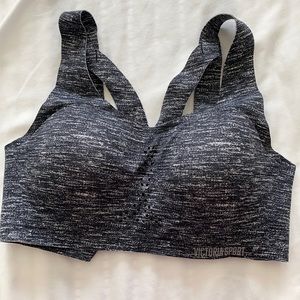 Brand new Victoria’s Secret sports bra size 32C never worn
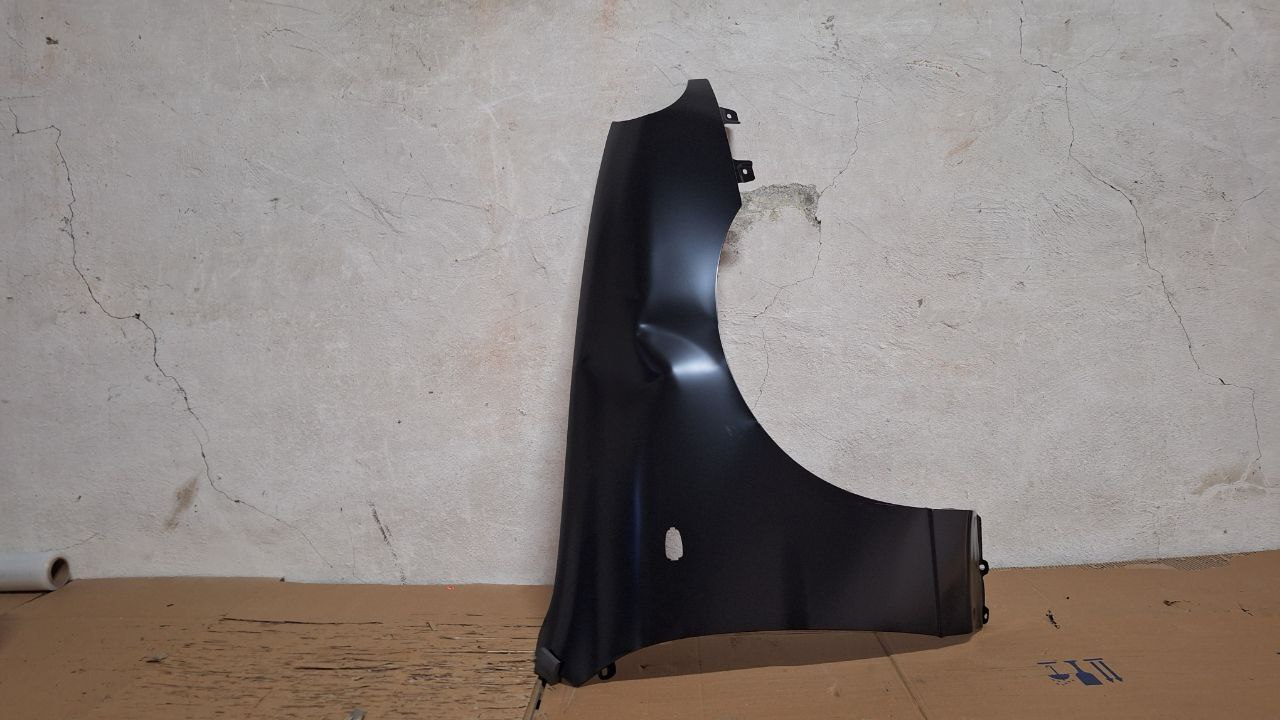 Крыло правое Chevrolet Lanos 2005-2009 (Вмятина / Тайвань) Дисконт 50%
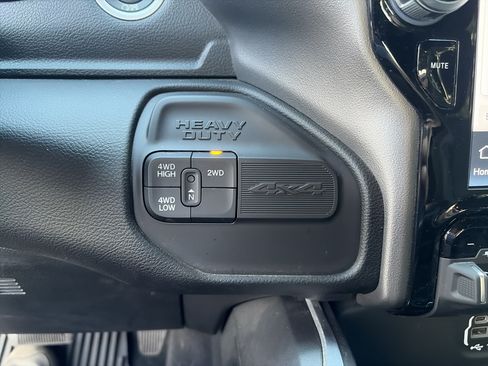 Used 2024 RAM 2500 Big Horn w/ Night Edition AWD/4WD image 36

------------------------------------

Activity: Reproduce the listing above from the line that contains "Крыло правое Chevrolet" through its final line, exactly and with nothing added. Omit the images.

Result:
 Крыло правое Chevrolet Lanos 2005-2009 (Вмятина / Тайвань) Дисконт 50%
 Used 2024 RAM 2500 Big Horn w/ Night Edition AWD/4WD image 36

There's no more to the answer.